だが、蟲カフェの従業員は、大人しくお仕事に従事している。
若干一名を除き、皇帝陛下には会おうと思えば会える立場な者である。更に、既に何度も会っているし態々遠目で見る為に人ゴミの中に行くなどナンセンス。
ドンドン
開店初日のお客様が到来である。
小窓から覗いてみると…懐かしの顔がそこにはいた。早々に、扉を開けて中に招き入れた。
「エーテリア、ジュラルド久しぶりだな…剣魔武道会で別れてから何かと会う機会がなかったが元気そうで何よりだよ」
「こちらこそレイア殿。『ネームレス』には、居たのですがお互いすれ違ってばかりでしたね」
「ちげーね。そうそう聞いてくれよ。とりあえず、アタイ等婚約したから!! そして、ジュラルドも両親との誤解も解け、双方のご両親にご挨拶も終えたところだ」
婚約に関しては全然驚かない。むしろ、お前等いい加減にくっつけよというオーラがギルド本部でも充満していたからね。それに、気付かなかったのはこの二人だけだ。
驚いたのは、ジュラルドの進化を親が受け入れたという事だ。マジかよ…理解がある親ってレベルじゃないぞ。
「それは、めでたいな…今日は、私が奢ろう。好きに飲み食いするといい。ゴリフリーナ、二人を案内してくれ」
「ぶっ!! エルフの姫君に案内されるとは、人生長生きはしてみるものですね。それと、うちの両親を説得していただいた件ありがとうございます」
「ありがとな。おかげで、ジュラルドと結婚を前提に付き合う事ができるぜ」
なるほど、この王族の二人が出張れば、ご両親も納得するしかないね。
それにしても、結婚を前提に付き合う為にご両親へご挨拶とか…マジで凄いわ。このご時世、子供が生まれてから、双方の両親に報告する事なんてざらにあるというのに。
流石は、紳士と淑女だ。レベル高いわ。
後、ゴリヴィエ…ジュラルドが婚約と聞いたあたりから、立ったまま涙を流すのは、止めなさい。君のストライクゾーンど真ん中なのは、薄々分かっていたからさ。略奪愛なんてやめてね。

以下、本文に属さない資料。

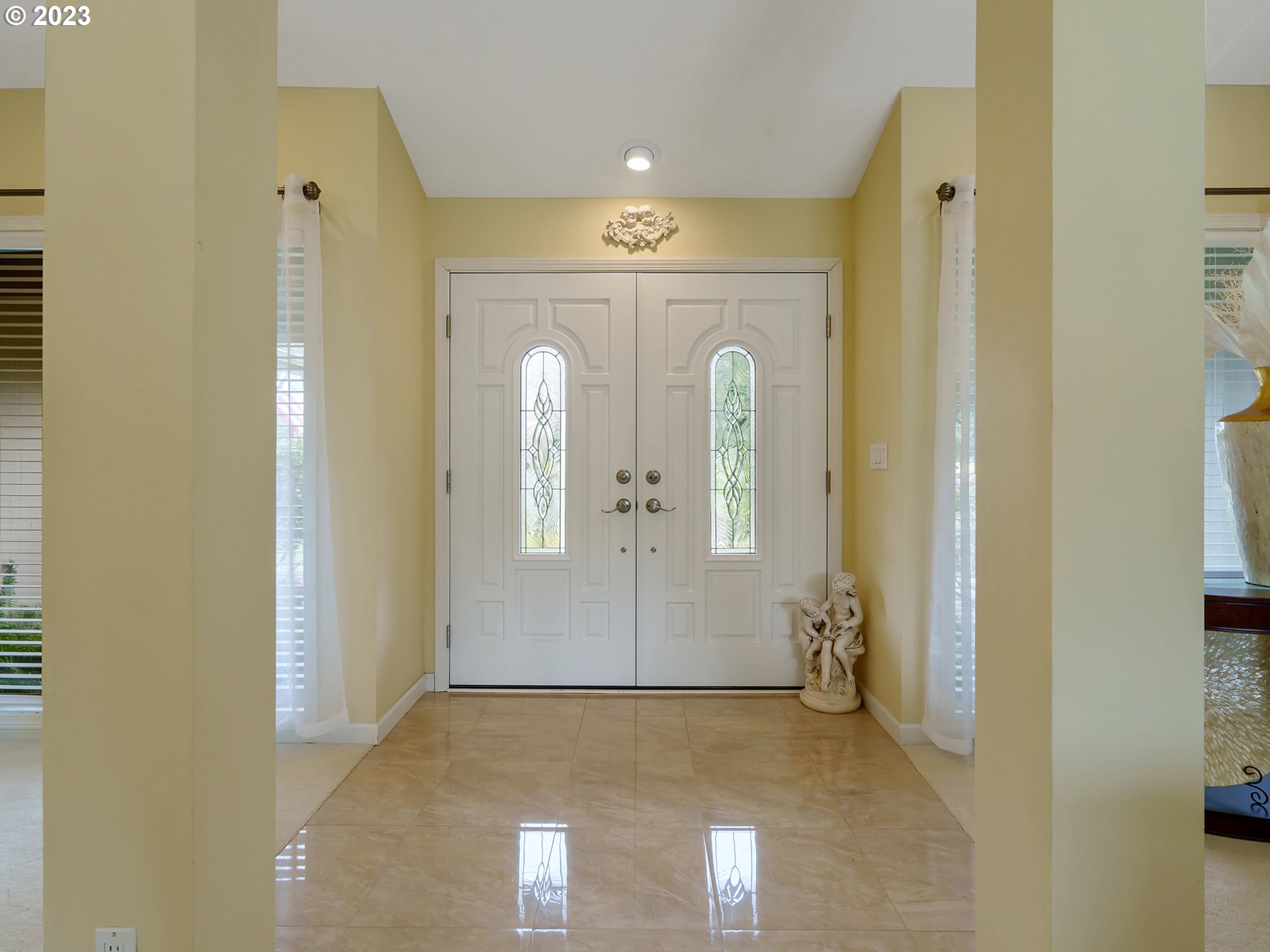 992 Spyglass Drive Eugene, OR 97401 - Photo 3 of 35 a view of a bathroom with mirror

万が一、この二人の仲を引き裂こうと考えるなら、肥料にするよ。
「とりあえず、『迷宮の朝食セット』と『蟲ダシコーヒー』を」
「アタイは、『迷宮の朝食セット』と『ゴリフの手絞り100%果汁のジュース』。林檎と桃のミックスで」
「畏まりました。ゴリフリーテ頼みました」
地下室より冷えた中ジョッキと氷塊、冷えた果実が蟲達によって運び出された。
ゴリフリーテが『聖』の魔法で手の汚れを浄化する。蟲からグラスを受け取り、氷塊をデコピン一発で粉々に砕く。中ジョッキ一杯に適量の氷が完成する。締めくくりに、よく冷えた林檎と桃を受け取り丁寧に絞る。この間も、『聖』の魔法であらゆる汚れや体に害のある微生物が浄化されている。
まさに、聖水の如く輝く手絞りジュースの完成だ。
ジョッキや果実を受け取ってから完成に至るまで僅か2秒程度の無駄のない早業である。
完成した食べ物がお盆に乗せられて蟲達がヨチヨチと運ぶ。それを受け取り、エーテリアが一口飲んだ。
「………うまいな、おい。これが果汁100%のジュースか。今までのジュースが泥水のように思えてくるぞ。『聖』の魔法も半端ないわ」
「ふっ!! 当然だエーテリア。蟲カフェは、食材から料理人まで全てが超一流。更に、旨さの秘訣は他では真似できない特殊な調理法をしているからなんだよ」
「流石はレイア殿のお店。『聖』と『蟲』の魔法なんて使える人達はここにしかいませんしね。あ、コーヒーも美味しいですね。おかわりをください」
直ぐに蟲に指示を出しておかわりを持ってこさせる。
………
……
…
それから数時間、客足は伸びて店内に用意してあった座席数の6割が埋まった。尤も、座席数は20席程度しかないのだがね。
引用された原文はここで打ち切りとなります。